From low-bias mobility to high-bias current saturation: fundamental trade-offs in graphene based transistors

TL;DR

This paper explores the fundamental physical trade-offs in graphene-based transistors, showing that mobility, current saturation, and ON-OFF ratios are constrained by intrinsic bandstructure properties, independent of scattering.

Contribution

It reveals that these trade-offs are governed by an asymptotic bandstructure constraint, unifying various graphene derivatives on a common mobility-bandgap-scattering length framework.

Findings

Trade-offs arise solely from high energy bandstructure constraints.

Graphene derivatives are positioned on a unified 3-parameter plot.

High bias current signatures depend on saturation mechanisms.

Abstract

We describe the fundamental trade-offs in engineering the mobility, current saturation and ON- OFF ratios in graphene transistors. Surprisingly, the trade-offs arise solely from an asymptotic constraint on the high energy bandstructure and independent of scattering processes.
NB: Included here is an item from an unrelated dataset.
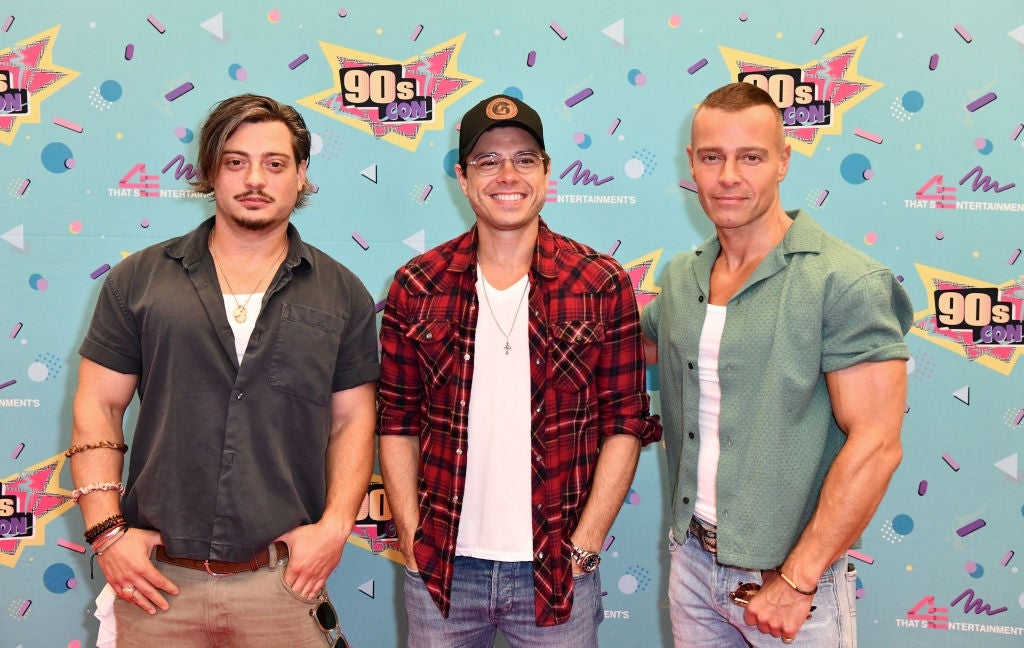 Three individuals wearing casual outfits pose in front of a 90s-themed backdrop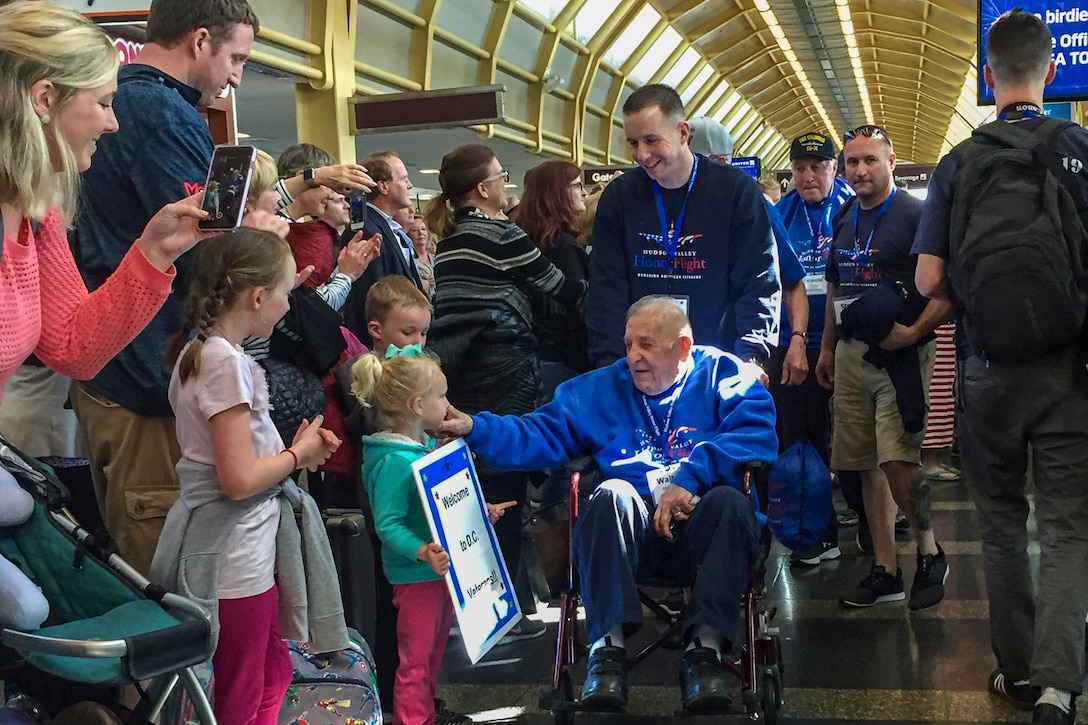 An elderly man in a wheelchair exchanges greetings with well-wishers gathered in an airport terminal.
This places graphite derivatives (bulk monolayer graphene, uniaxially strained graphene nanoribbons, carbon nanotubes and bilayer graphene) on the same 3-parameter mobility-bandgap-scattering length ({\mu} - Egap -{\lambda}) plot, proximal to other semiconductors. In addition to this low-bias trade-off, the high bias current bears signatures of the underlying saturation mechanism, arising through phonon scattering or {\Gamma}-point suppressed density of states opening bandgap.